O Encontro foi bonito, potente, massivo, e reafirmou que a Cultura Viva Comunitária é hoje um movimento continental, que além de lutar e incidir na construção de políticas públicas para a cultura, se propõe também, partindo da cultura, a construir estratégias e alternativas para a esquerda e os movimento de transformação social no século XXI. “No venimos a decorar la democracia, sino a transformarla” é uma das frases que definem o movimento de cultura comunitária na América Latina. Diante de um cenário político adverso na maioria dos países da região, o movimento tem diante de si o desafio e a responsabilidade de construir de forma autônoma ambientes e espaços organizativos que nos permitam resistir e avançar, em um contexto onde mais que nunca é preciso estar atento e forte. O movimento argentino também se prepara para participar em novembro do 3º Congresso Latino-Americano de Cultura Viva Comunitária em Quito, Equador, que tem tudo para ser mais um momento importante desta trajetória comum continental.

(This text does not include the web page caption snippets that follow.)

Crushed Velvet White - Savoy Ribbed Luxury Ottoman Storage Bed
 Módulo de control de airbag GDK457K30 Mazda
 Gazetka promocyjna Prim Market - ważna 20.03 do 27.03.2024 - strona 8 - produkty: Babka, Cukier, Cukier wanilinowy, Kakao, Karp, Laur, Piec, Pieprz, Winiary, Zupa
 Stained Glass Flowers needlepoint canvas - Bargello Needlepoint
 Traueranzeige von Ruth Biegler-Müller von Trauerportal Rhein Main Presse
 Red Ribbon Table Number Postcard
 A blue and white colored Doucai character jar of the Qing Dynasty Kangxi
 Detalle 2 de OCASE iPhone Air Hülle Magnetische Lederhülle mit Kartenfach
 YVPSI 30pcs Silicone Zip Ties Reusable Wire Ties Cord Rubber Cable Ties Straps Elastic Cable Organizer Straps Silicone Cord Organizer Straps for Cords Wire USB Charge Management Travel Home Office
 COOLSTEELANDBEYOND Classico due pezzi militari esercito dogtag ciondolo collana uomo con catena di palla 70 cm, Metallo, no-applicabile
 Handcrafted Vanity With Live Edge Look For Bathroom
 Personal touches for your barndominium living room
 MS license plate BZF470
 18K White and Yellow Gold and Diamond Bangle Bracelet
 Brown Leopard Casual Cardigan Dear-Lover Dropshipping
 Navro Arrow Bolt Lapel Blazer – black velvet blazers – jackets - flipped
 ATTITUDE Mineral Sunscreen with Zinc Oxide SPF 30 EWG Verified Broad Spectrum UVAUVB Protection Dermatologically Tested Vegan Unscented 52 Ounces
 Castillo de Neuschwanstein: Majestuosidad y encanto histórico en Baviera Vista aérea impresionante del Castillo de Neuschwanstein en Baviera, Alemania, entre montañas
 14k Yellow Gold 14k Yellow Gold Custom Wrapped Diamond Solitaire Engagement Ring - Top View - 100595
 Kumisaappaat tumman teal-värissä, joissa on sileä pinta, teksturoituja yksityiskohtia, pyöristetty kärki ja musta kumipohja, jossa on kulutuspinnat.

E, por fim, uma homenagem emocionada à Cooperativa La Comunitária, organização que sediou e produziu todo o Encontro e demonstrou na prática o que é uma construção colaborativa, autônoma e feita de baixo pra cima. Mulheres e homens, crianças, idosos, vizinhos, todos empenhados de forma voluntária em realizar as atividades do encontro, servindo a comida, limpando, arrumando, organizando tudo sob intensa chuva e frio, sempre bem dispostos, humorados e sorridentes. Sob o comando delicado de Maria Emilia de la Iglesia, uma pequena grande companheira, a Cooperativa La Comunitária faz teatro, realiza experiências inovadoras de orçamento participativo e economia solidária, constrói no presente um outro futuro. Como disse durante o encontro o teatrólogo argentino Ricardo Talento: “temos que criar novas ficções para a humanidade no século XXI, e seria muito bom que estas ficções viessem do mundo feminino”. E La Comunitária nos dá pistas do caminho por onde criarmos estas novas narrativas.
Mas para concluir: dónde carajo está Santiago Maldonado?!